TRIBUNNEWS.COM, JAKARTA - Na Daehoon angkat bicara menanggapi tudingan kekerasan dalam rumah tangga (KDRT) yang dilayangkan mantan istrinya, Julia ‘Jule’ Prastini.
Melalui fitur boradcast Instagram pribadinya, Daehoon menegaskan pernyataan sang mantan istri tidak sesuai fakta.
Ia menyebut tuduhan tersebut sebagai cerita yang tak masuk akal.
Meski awalnya merasa tidak perlu memberikan klarifikasi, Na Daehoon tergerak untuk buka suara setelah melihat banyak pihak yang mempercayai kabar tersebut dan menunjukkan kekhawatiran.
"Sebenarnya ini adalah cerita yang sangat tidak masuk akal sehingga saya merasa tidak perlu memberikan klarifikasi," tulis Daehoon, dikutip Senin (12/1/2026).

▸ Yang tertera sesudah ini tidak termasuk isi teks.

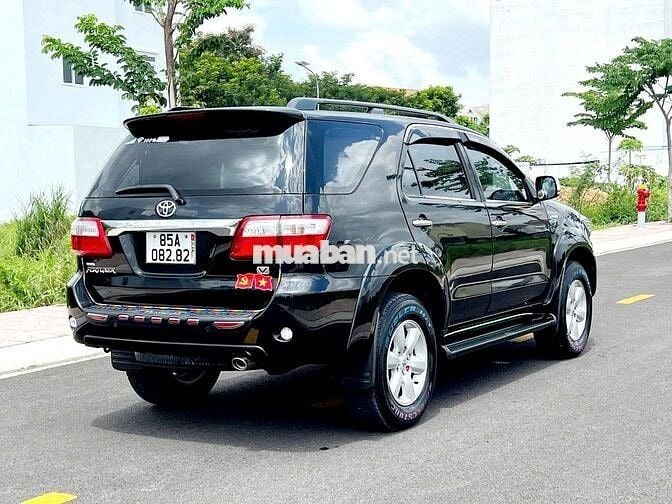 Toyota Fortuner 2009 2.7V 4x4 AT - đen đẹp
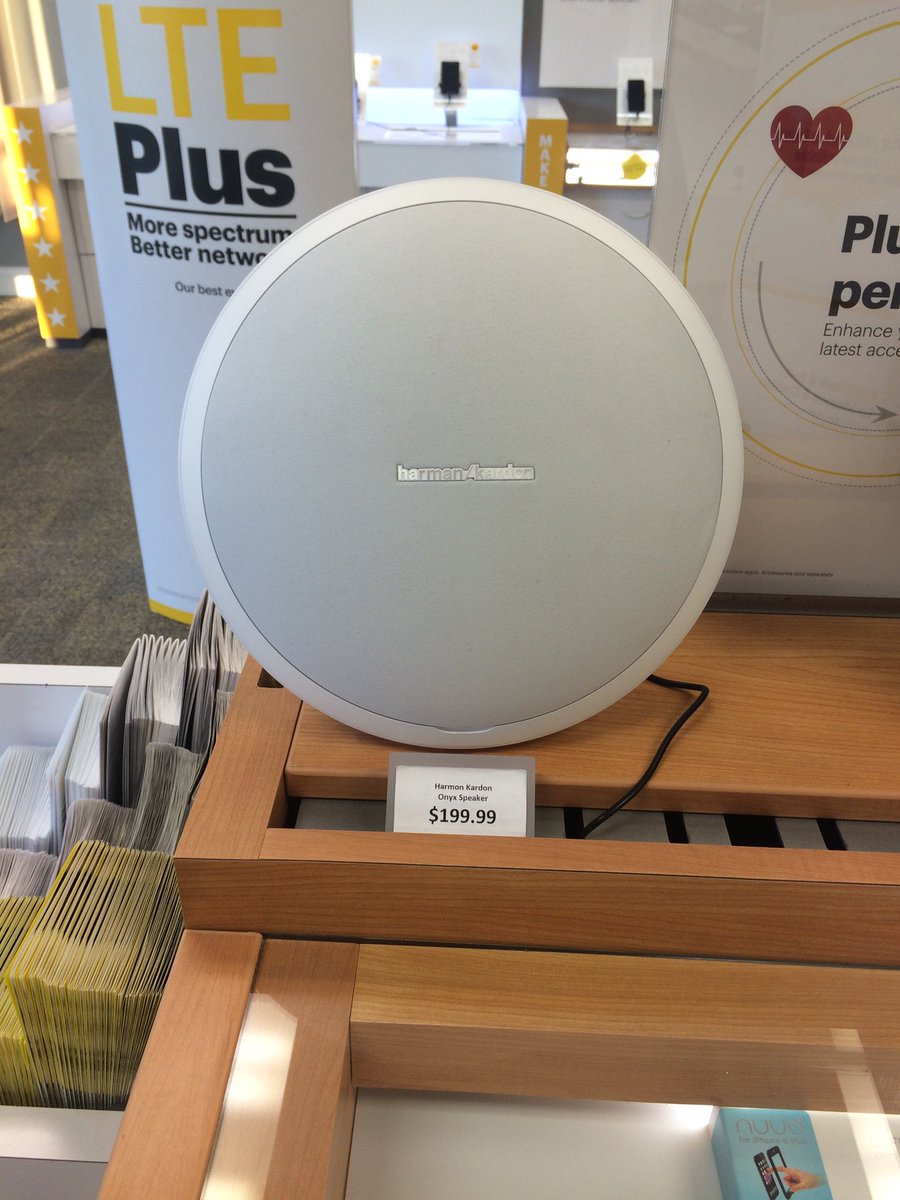 SprintOnDrake's tweet photo. Hey WMU....
Your parties did not wake us this weekend. Spend $100 or more in acc. to win this $200 H. Larson speaker https://t.co/mpXmAVWkHj
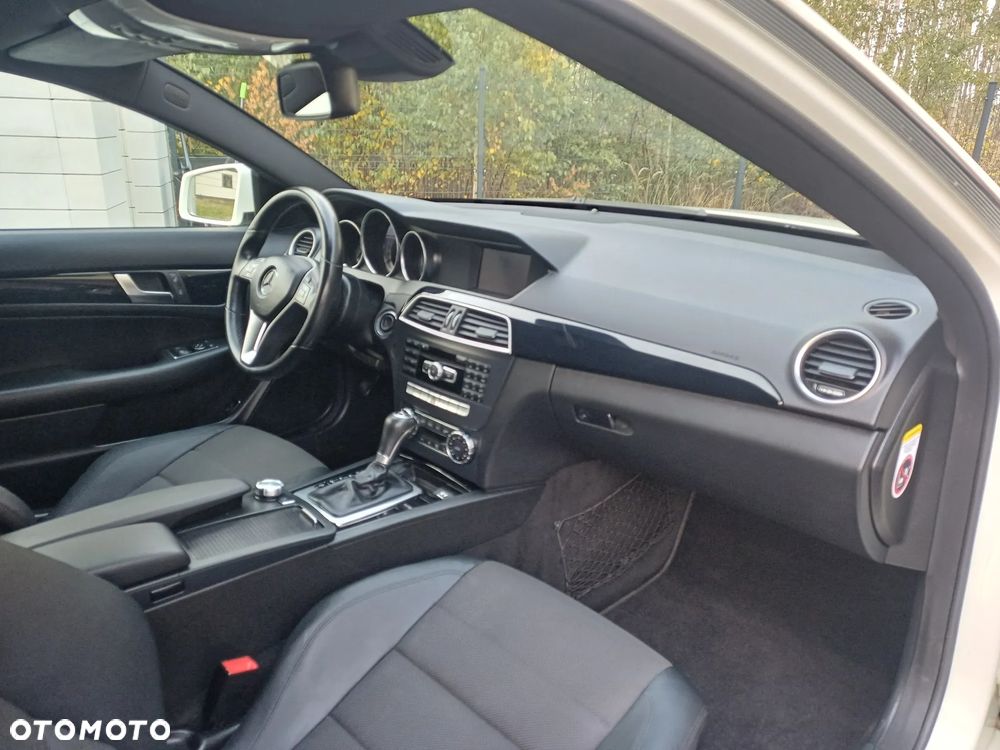 Mercedes-Benz Klasa C - 22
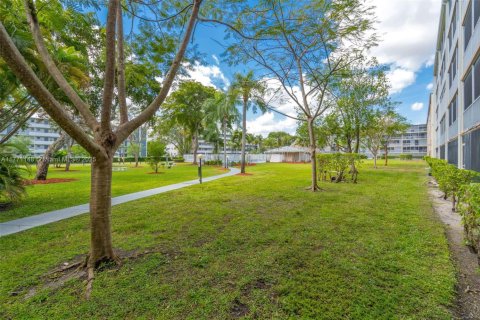 Condo in Hollywood, Florida, 1 bedroom  № 1867866 - photo 19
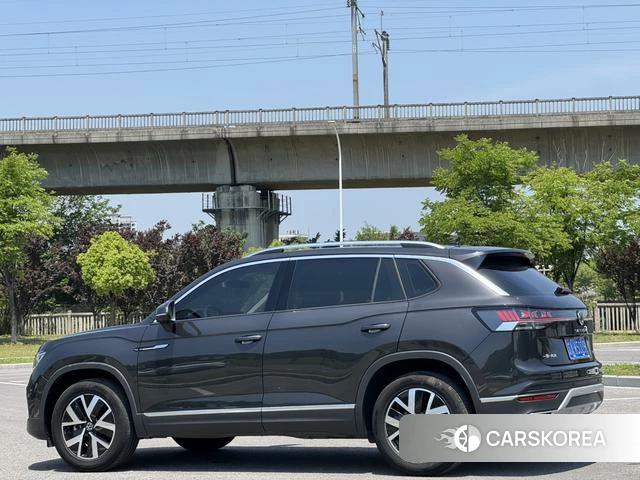 Volkswagen Tanyue 2024 Черный из Китая, фото 4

Ia melanjutkan, klarifikasi ini disampaikannya demi meredam kekhawatiran publik.
Baca juga: Unggahan Jule setelah Cerai dari Na Daehoon Jadi Sorotan, Nikmati Suasana Pantai Seorang Diri
Daehoon menegaskan, informasi terkait KDRT yang beredar di internet tidak benar.
"Belakangan ini saya melihat postingan terkait KDRT yang beredar di internet, dengan tegas saya sampaikan bahwa informasi tersebut tidak benar," jelasnya.
Ia juga menyebut dirinya bukan sosok yang sempurna, namun membantah keras tudingan kekerasan.
"Saya bukan orang yang sempurna, tapi saya tidak pernah sekalipun melakukan tindakan yang memalukan terhadap anak-anak saya atau siapapun," tuturnya.
Di akhir pernyataannya, Daehoon mengucapkan terima kasih kepada publik yang telah memberikan perhatian dan kekhawatiran.
"Terima kasih kepada semua yang telah memberikan perhatian dan kekhawatiran. Saya berharap tidak ada lagi kesalahpahaman ke depannya," pungkasnya.
Tak ada kebencian
Proses perceraian influencer asal Korea Selatan, Na Daehoon dengan selebgram Julia Prastini alias Jule telah berakhir.
Pada Selasa (30/12/2025), Na Daehoon telah mengucapkan ikrar talak di hadapan majelis hakim Pengadilan Agama Jakarta Selatan.